What the task asks
Find the line with "Rolex Oyster Perpetual Bubbleback 32 '18k'" in the records below. Output exactly from there until after the line with "Letter Jj Activity Pack", without pictures.

Data extract
++++++++

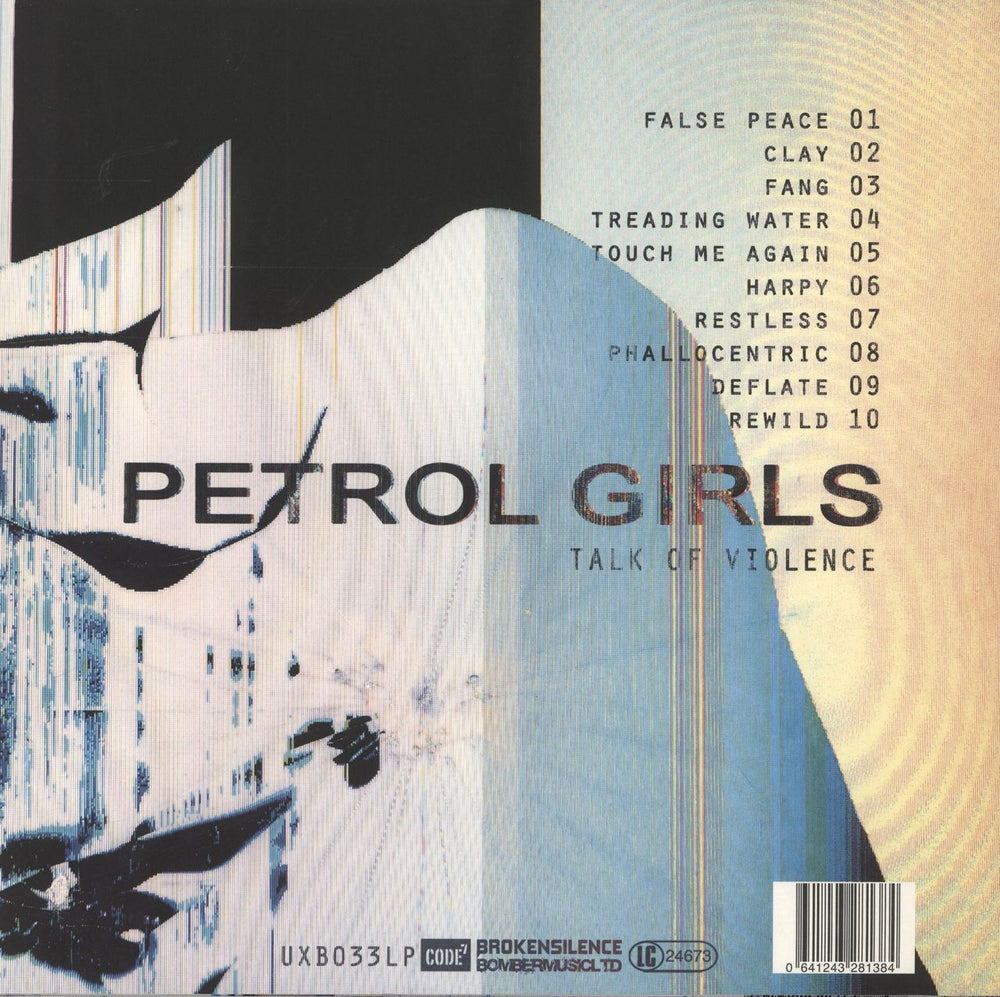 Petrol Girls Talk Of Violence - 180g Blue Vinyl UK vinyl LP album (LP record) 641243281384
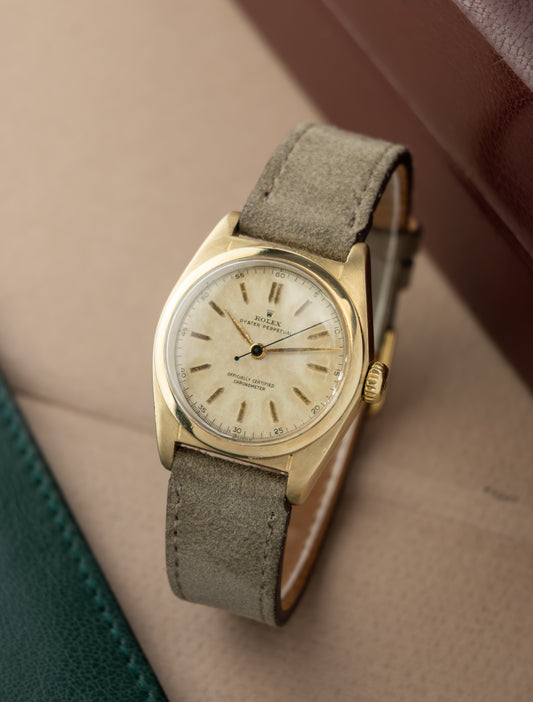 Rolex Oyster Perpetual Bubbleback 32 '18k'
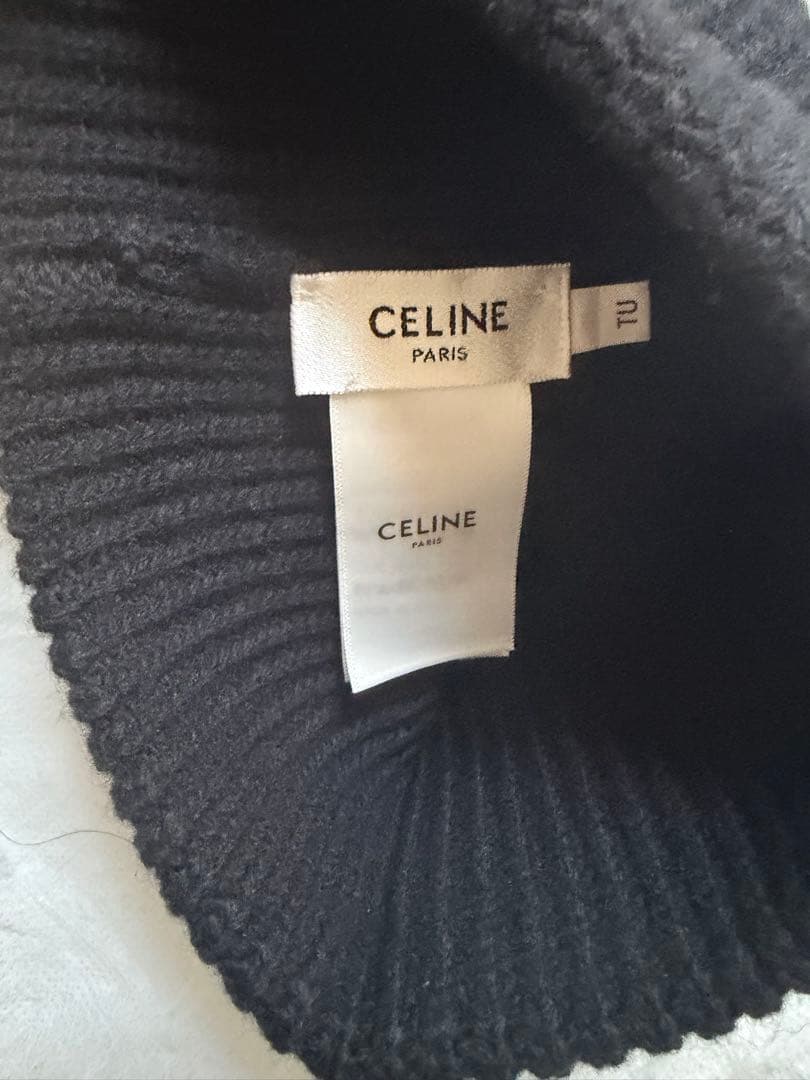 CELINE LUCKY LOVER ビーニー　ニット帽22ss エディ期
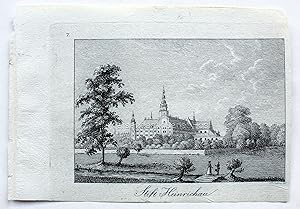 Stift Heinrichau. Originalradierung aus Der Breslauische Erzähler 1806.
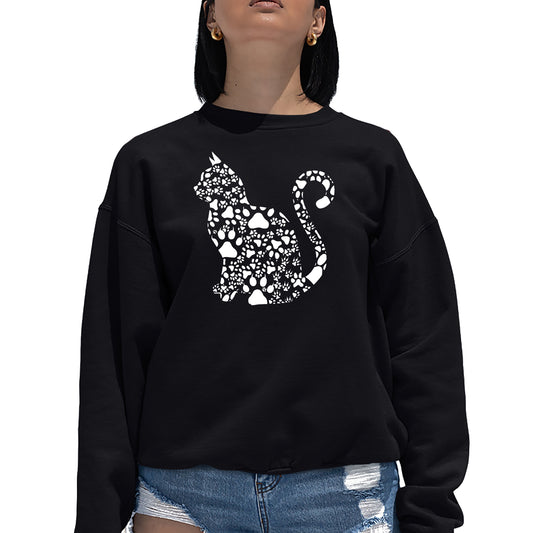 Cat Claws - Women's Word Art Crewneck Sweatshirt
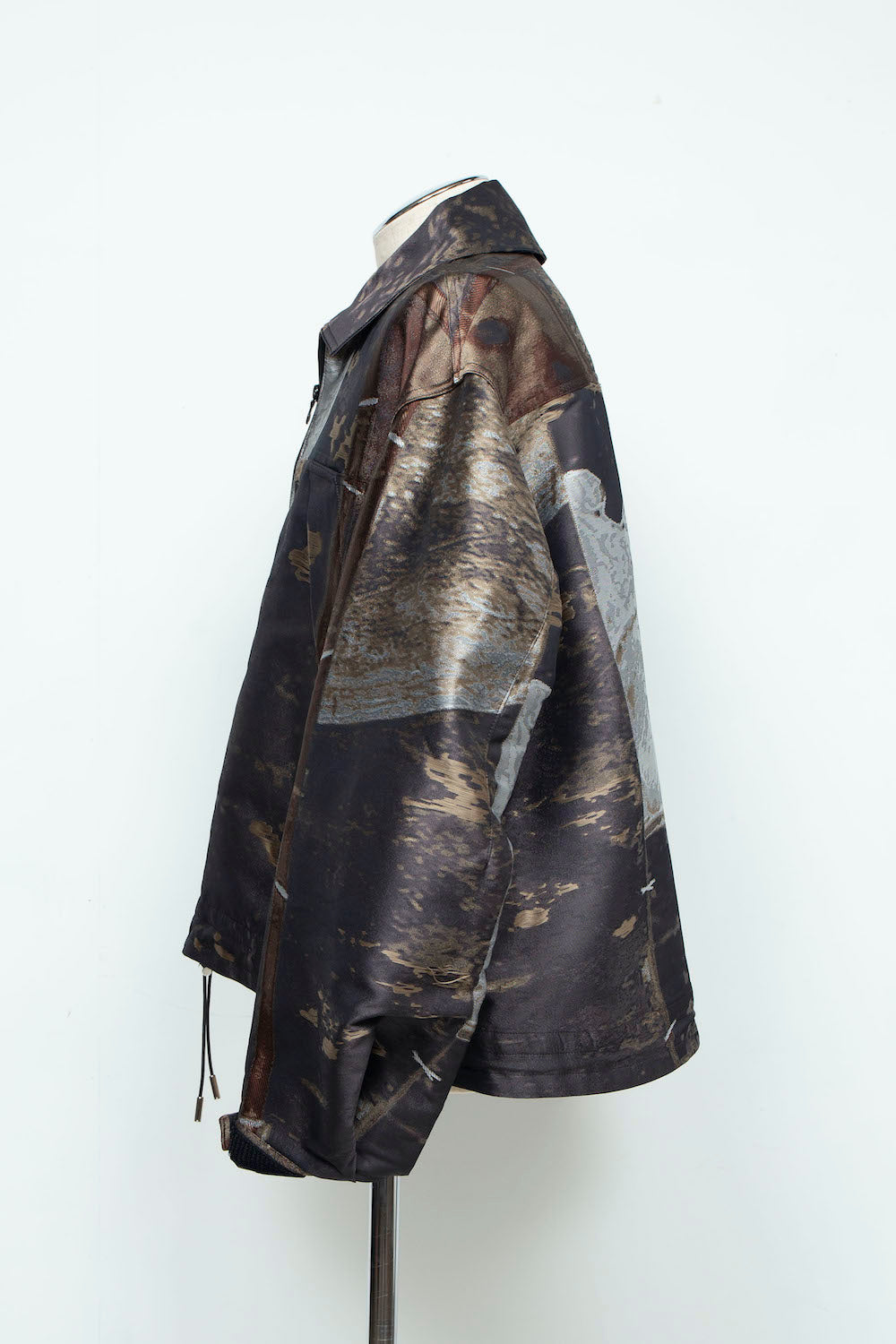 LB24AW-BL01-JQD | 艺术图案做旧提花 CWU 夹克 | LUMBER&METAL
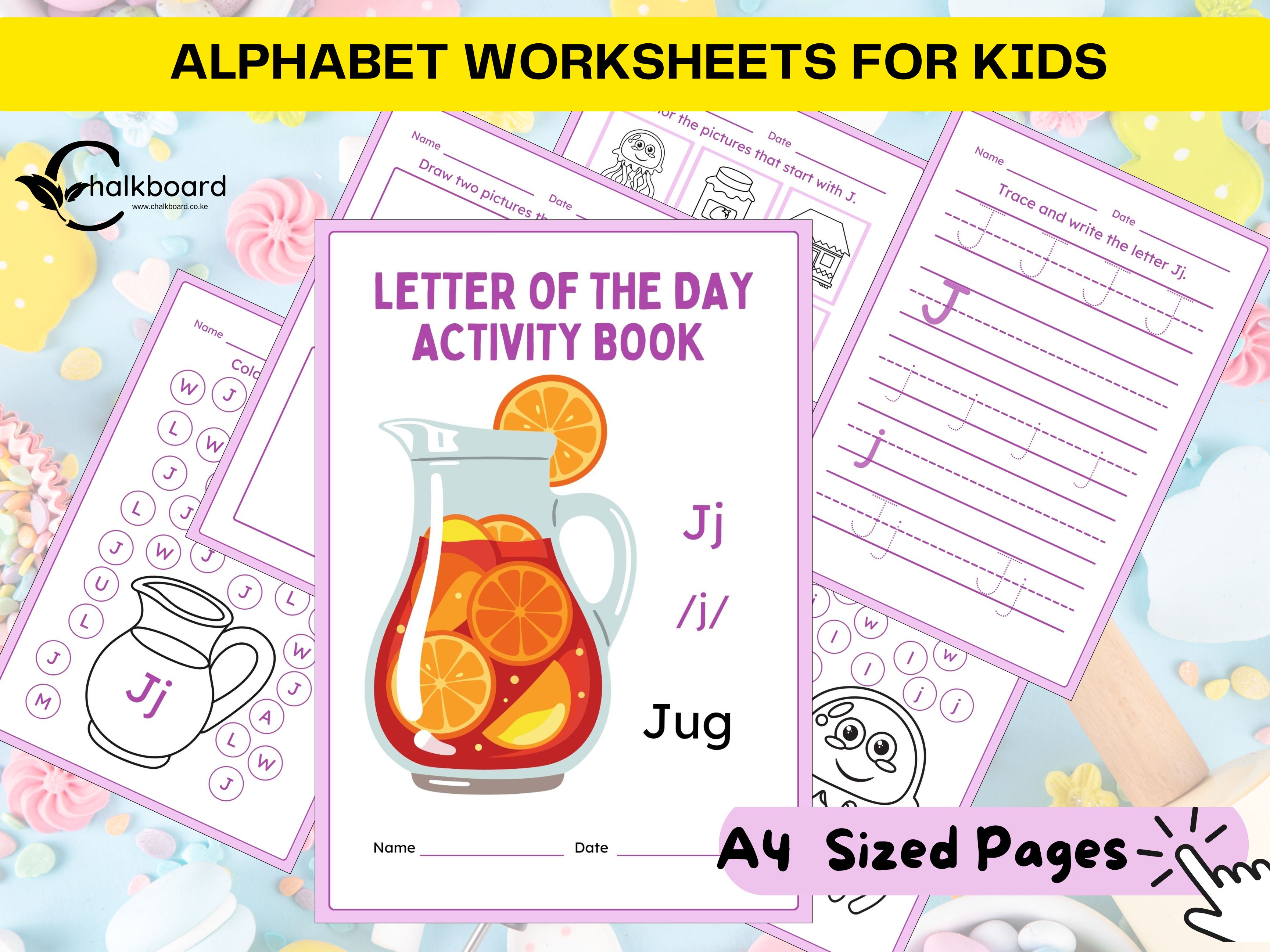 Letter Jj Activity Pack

++++++++

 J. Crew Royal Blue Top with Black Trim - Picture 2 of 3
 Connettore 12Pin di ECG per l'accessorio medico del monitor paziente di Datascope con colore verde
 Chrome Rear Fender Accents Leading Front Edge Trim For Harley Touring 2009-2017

++++++++

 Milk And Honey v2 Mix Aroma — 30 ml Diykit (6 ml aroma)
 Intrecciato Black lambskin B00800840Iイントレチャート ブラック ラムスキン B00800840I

++++++++

Finished exercise
 Rolex Oyster Perpetual Bubbleback 32 '18k'
 CELINE LUCKY LOVER ビーニー　ニット帽22ss エディ期
 Stift Heinrichau. Originalradierung aus Der Breslauische Erzähler 1806.
 Cat Claws - Women's Word Art Crewneck Sweatshirt
 LB24AW-BL01-JQD | 艺术图案做旧提花 CWU 夹克 | LUMBER&METAL
 Letter Jj Activity Pack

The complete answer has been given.